**TASK**
Copy out the whole listing exactly as given. Skip the pictures.

**DATA FOR THIS EXERCISE**

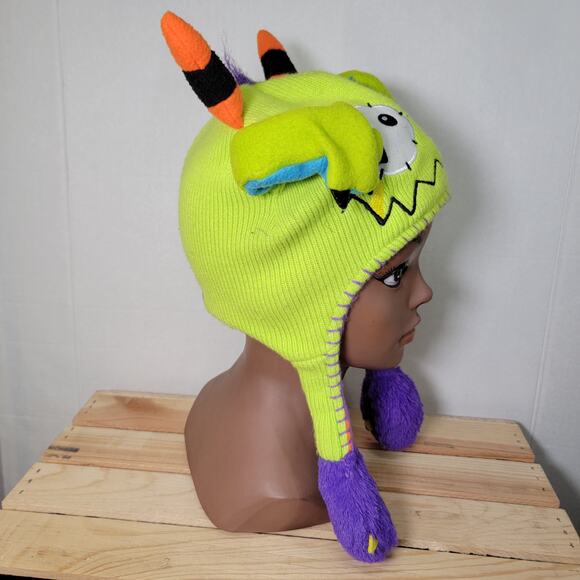 Flipeez Kids Green Monster Beanie w/ Flipping Hands - Picture 5 of 7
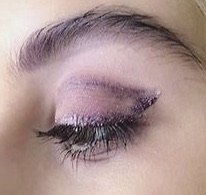 Purple eyeshadow filler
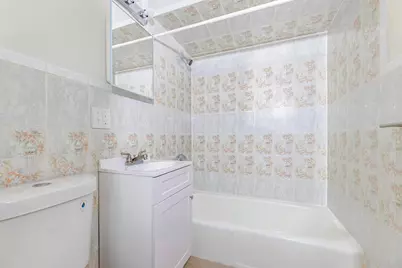 423 Avenue C #302, Bayonne, NJ 07002 - Photo 9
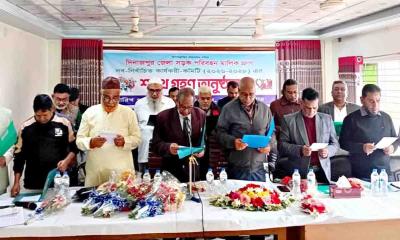 দিনাজপুর জেলা সড়ক পরিবহন মালিক গ্রুপের নতুন কমিটির শপথ গ্রহণ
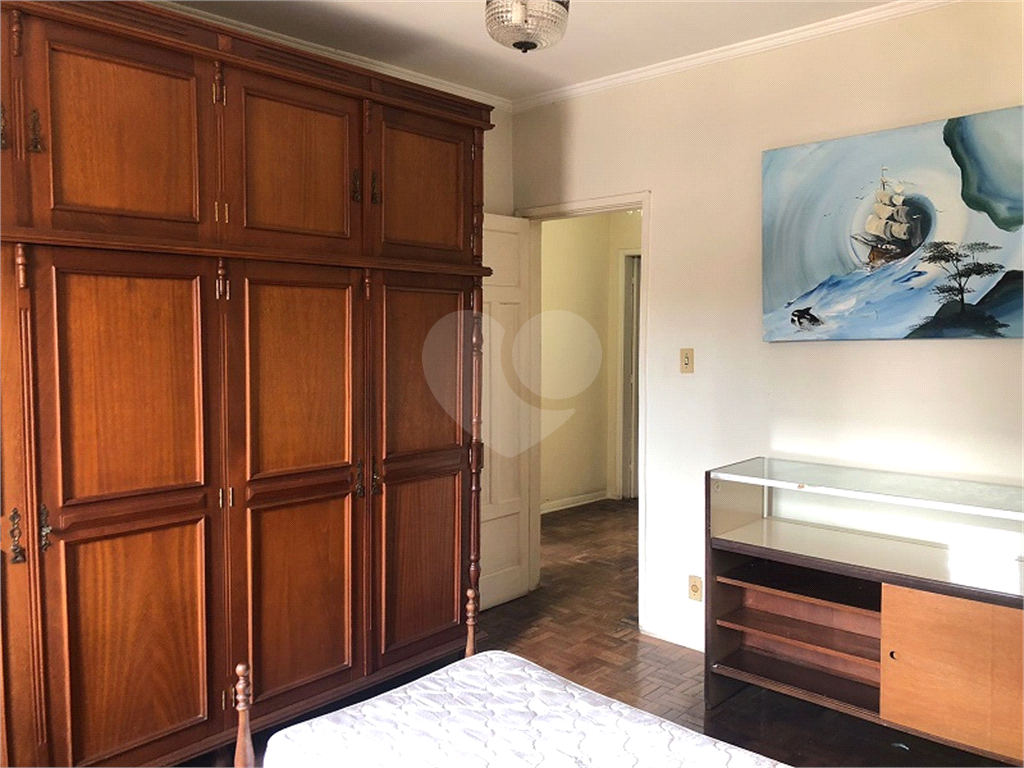 Sobrado p/Moradia ou empresa, amplas dependências 3 dorm.3 banh. 2 salas. Coz. Edicula, Quintal, etc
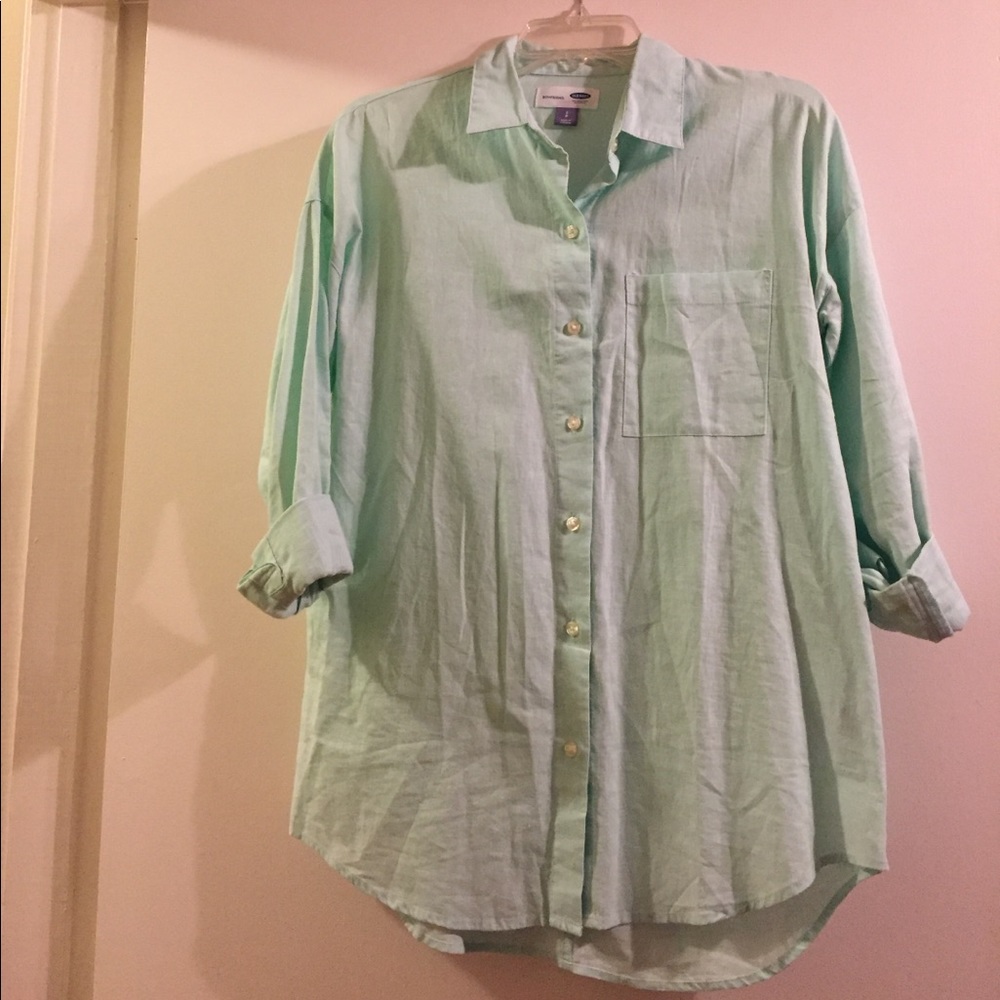 Collard button down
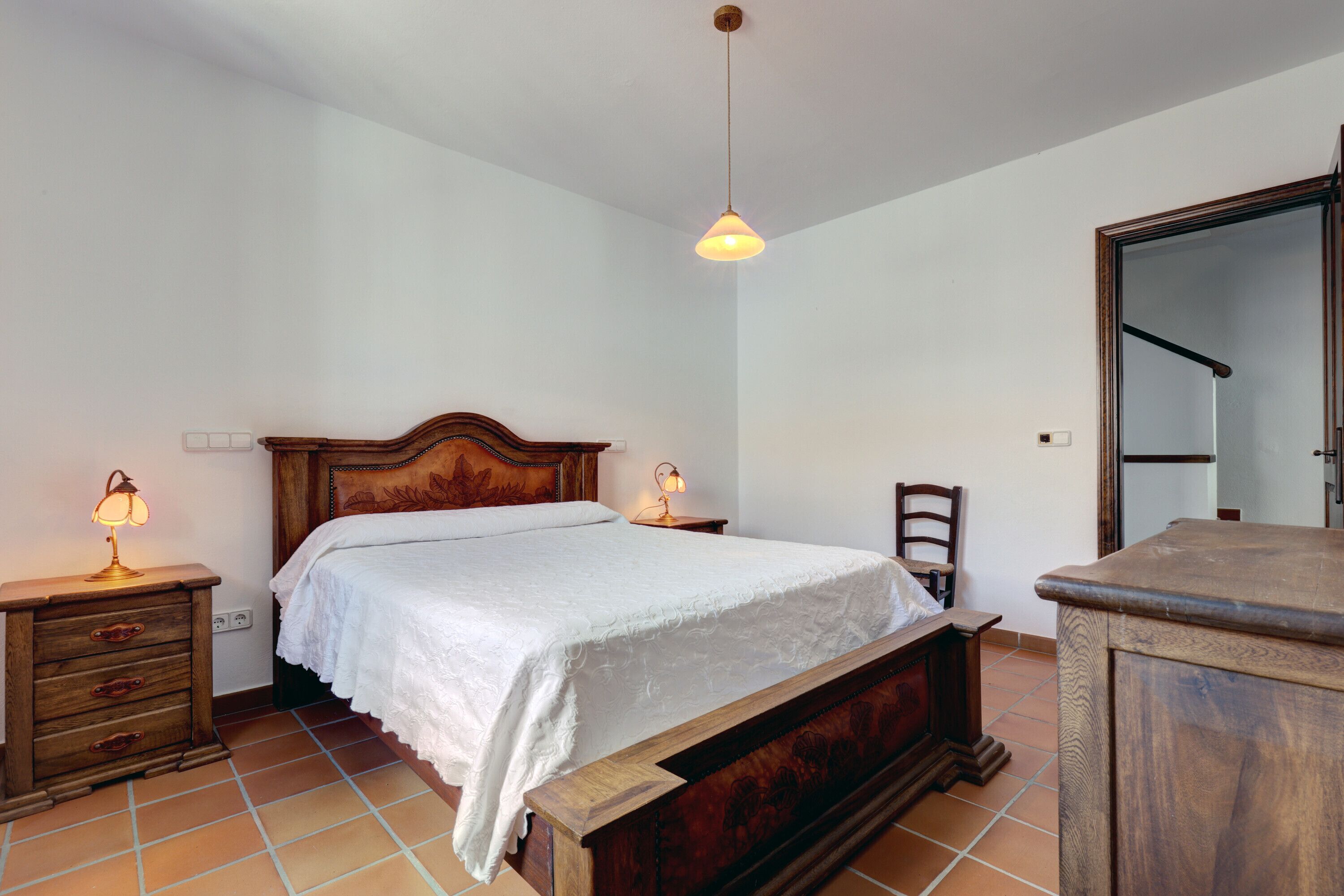 4 室のベッドルーム、アイロン / アイロン台、WiFi (無料)、ベッドシーツ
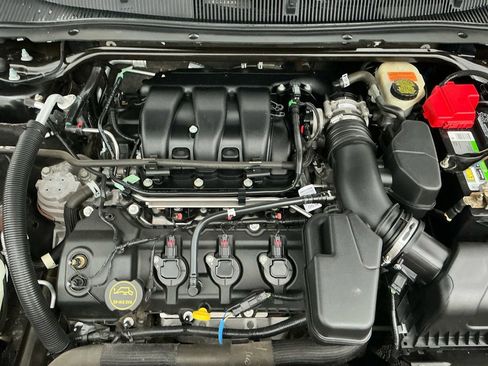 Used 2015 Ford Taurus SEL w/ Equipment Group 201A image 25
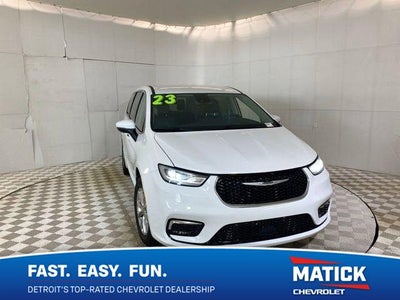 2023 Chrysler Pacifica Touring L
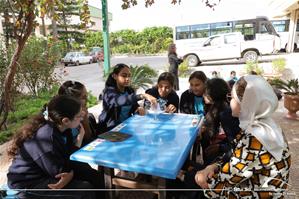 Heba Elghetany, l’animatrice de l'atelier de l'Art oratoire avec les participants de l'atelier à l'Institution Sainte Jeanne-Antide
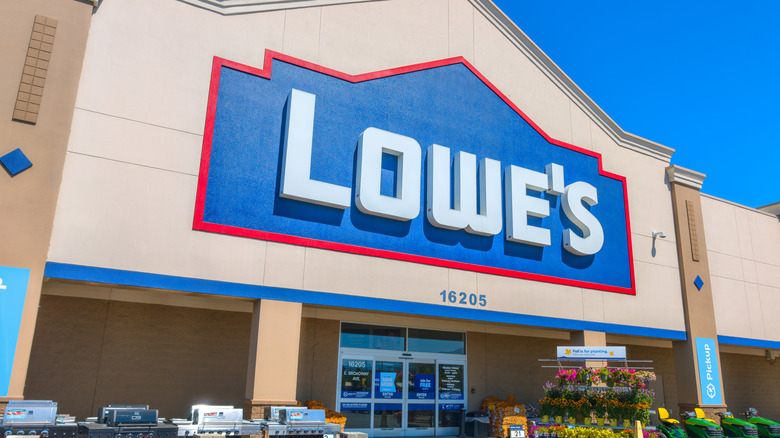 The front of the Lowe's store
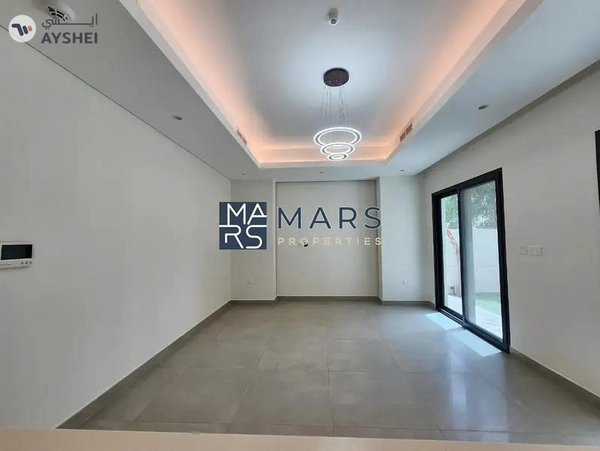 Distress Deal | Fully Corner Unit| Landscaped Garden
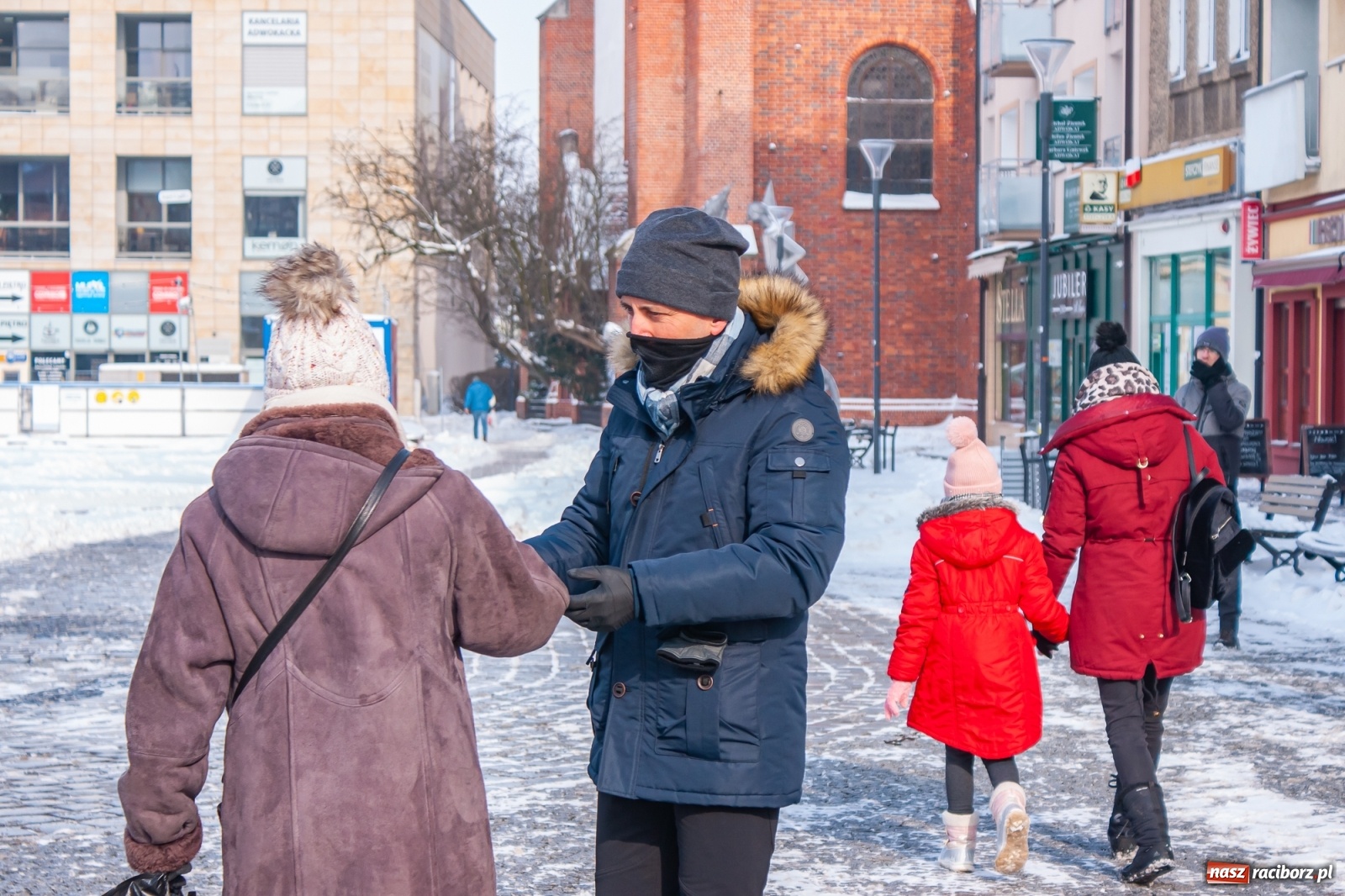 Zdjęcie w galerii na portalu naszraciborz.pl: Prezydent rozdaje pączki na Rynku [FOTO] wiadomości z regionu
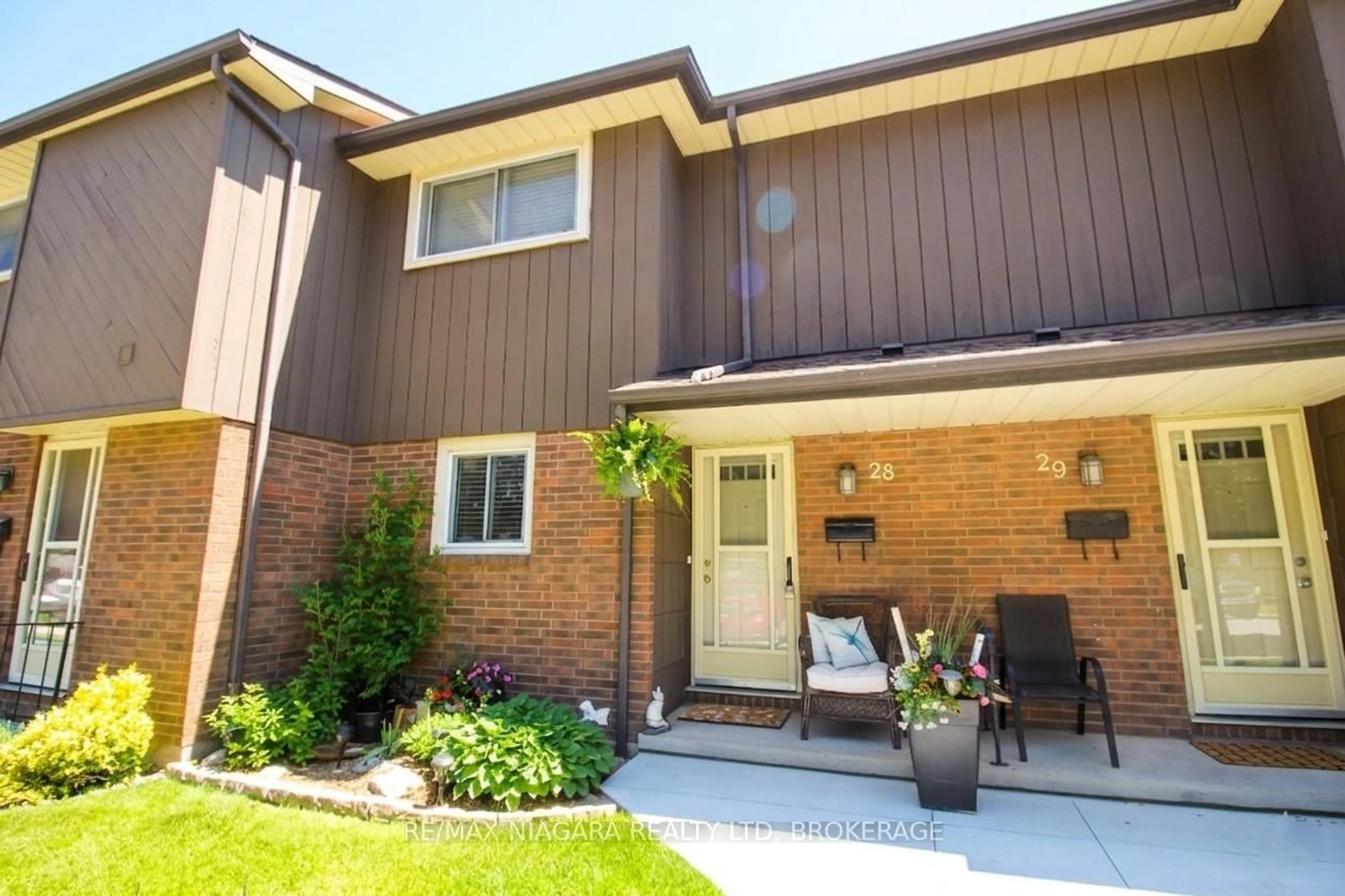 Home with brick exterior material, street for 64 Forster St #28, St. Catharines Ontario L2N 6T5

**RESPONSE TO THIS TASK**
 Flipeez Kids Green Monster Beanie w/ Flipping Hands - Picture 5 of 7
 Purple eyeshadow filler
 423 Avenue C #302, Bayonne, NJ 07002 - Photo 9
 দিনাজপুর জেলা সড়ক পরিবহন মালিক গ্রুপের নতুন কমিটির শপথ গ্রহণ
 Sobrado p/Moradia ou empresa, amplas dependências 3 dorm.3 banh. 2 salas. Coz. Edicula, Quintal, etc
 Collard button down
 4 室のベッドルーム、アイロン / アイロン台、WiFi (無料)、ベッドシーツ
 Used 2015 Ford Taurus SEL w/ Equipment Group 201A image 25
 2023 Chrysler Pacifica Touring L
 Heba Elghetany, l’animatrice de l'atelier de l'Art oratoire avec les participants de l'atelier à l'Institution Sainte Jeanne-Antide
 The front of the Lowe's store
 Distress Deal | Fully Corner Unit| Landscaped Garden
 Zdjęcie w galerii na portalu naszraciborz.pl: Prezydent rozdaje pączki na Rynku [FOTO] wiadomości z regionu
 Home with brick exterior material, street for 64 Forster St #28, St. Catharines Ontario L2N 6T5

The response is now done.